A LOVELY WELCOME

Friday 23rd August 2024

It was such a relief being met at the tiny Nhulunbuy Airport on Gove peninsula by Outback Spirit Tour leader Ian, who had damaged his shoulder hefting luggage. His helper Aiden was on hand to grab my bags. At last, I did not have to think for myself! Did I want to go to the Walkabout Hotel to freshen up – or straight to a welcoming ceremony at the beach? I chose the beach. In the enormous bus, Ian treated me to a private spiel of what I’d missed. It was minimal.

What a lovely welcome. A mother, mimicked by her toddler, gave us a traditional welcome, anointing each one of us on our heads and shoulders with a soft brush of ceremonial leaves as we sat in a circle on the sand. Then a cauldron of oily leaves was produced. We were invited to feel, smell and rub them through our hands. Did any of us need healing anywhere on our bodies or minds? We responded gladly, one or two men shedding their shirts and rolling up their trousers. My mind was in sore need of rest and recuperation. The mother gathered a large handful of leaves and massaged my head for several long, restful minutes. We’d been assured that the soft soapy oil would evaporate in no time, not leaving even a trace of scent.

After the ceremony we had refreshments at a beach and were invited to take a short walk round some sacred stone groupings. It was very hot, and I hesitated before deciding that my legs really did need a bit of a stretch. Fearful of heatstroke, I didn’t dally to read the notices and missed the stones. As I approached the end, a fellow tour member in a red shirt asked me if the walk was worth doing. I hesitated. “It was okay as a means of stretching my legs.”

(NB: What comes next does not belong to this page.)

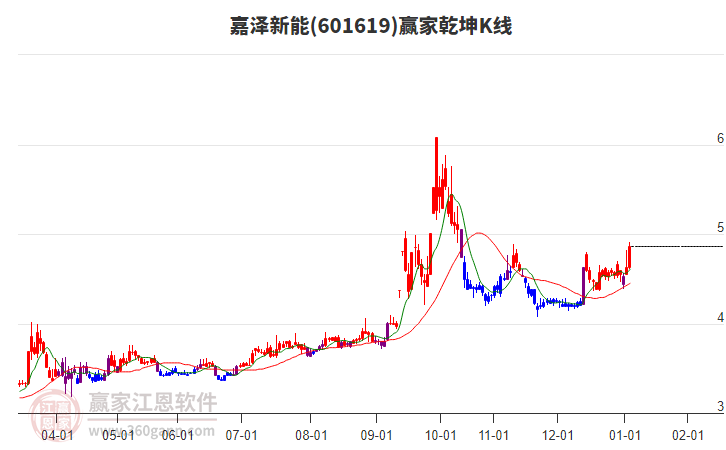 601619嘉澤新能贏家乾坤K線工具 601619嘉澤新能贏家乾坤K線工具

At the Walkabout Lodge some way out of town I had a blissful shower, washing away the anointing oil and travel grime. Afterwards, while my new roommate was under it, the shower head fell off. She achieved a swift replacement after refusing to change rooms. I concurred. We were last to arrive for dinner.

I sat next to the man wearing the red shirt. “Did you do the walk?” I asked. “No.” He tried to explain to me the difference between an excuse and a reason. I told him of course I knew. I was author of several books. He picked at his food, confessing he’d lost his appetite. We listened to each other’s stories. He was married to the daughter of a missionary and his faith was buried deep within. I told him mine had matured as I’d got older. He asked me whether I’d suffered the effects of my parents’ divorce, and I told him I was five years old then and remembered nothing. Although according to my grandfather’s diaries, I had been traumatised.

Day 2 Saturday 24th August 2024

A long day’s drive stretched before us, beautifully managed over variable roads by Ian, who talked almost non-stop about the traditional owners of the land, mentioning a Mr and Mrs Johnson, who founded the first church there. We stopped several times for refreshments and to examine fascinating flora, rivulets and still waters topped with hyacinth. We meandered along paths between prickly self-sown undergrowth. We learned about the process of slow burning and its stages, differing on either side of the road. Eucalyptus trees of many types showed the high flood line of the previous wet season. Ian’s running commentary included gentle jokes and teasings.

A delicious cold lunch with fruit was produced from the bowels of the 4WD Mercedes coach. After lunch a soothing track of outback sounds helped us doze in the air-conditioned comfort of our vehicle while the mid-afternoon temperature rose to the mid 30’s. We turned right and bounced and twisted along an ever-narrowing track. Occasionally Ian would apply sudden brakes to negotiate a bumpy rift in the corrugations, or to twist through a dry donga.

An airstrip appeared, a red-brown patch among the trees and undergrowth. We pulled up beside a low grey building. Murwangi Safari Camp Manager and helpers greeted us with cool wet towels and welcome drinks. Permanent tented cabins faced a thicket line of bush, split by a metal jetty and glimpses of still swamp waters. We were allowed to wander anywhere except beyond the white notices warning of crocodiles. Happenings in the night would include noises, visiting water buffalo, horses and pigs. Possibly snakes and frogs.

Neither my roommate, nor I felt like wandering. We all met for pre-dinner drinks on the long veranda. I wanted red wine, not too sweet or too bitter. The young waiter suggested a Pino. It was just right. The delicious lamb shank melted in my mouth, followed by an intriguing dessert, bright green substance within a tart. I learned that it was the poo of the ubiquitous green ant, which we would hear about later.

My neighbour at the dinner table talked about her convict ancestor family who had made good and were anxious to make amends to the Aboriginals for their ill-treatment, massacres, and stolen children. We shared our stories and discovered our mutual faith. She told me her brother had adopted a Kenyan boy, son of an Archbishop in Nairobi. But no, I could not say I knew him. Most of my fellow tourists were in their early 70’s. I wondered if I was perhaps the oldest on the tour?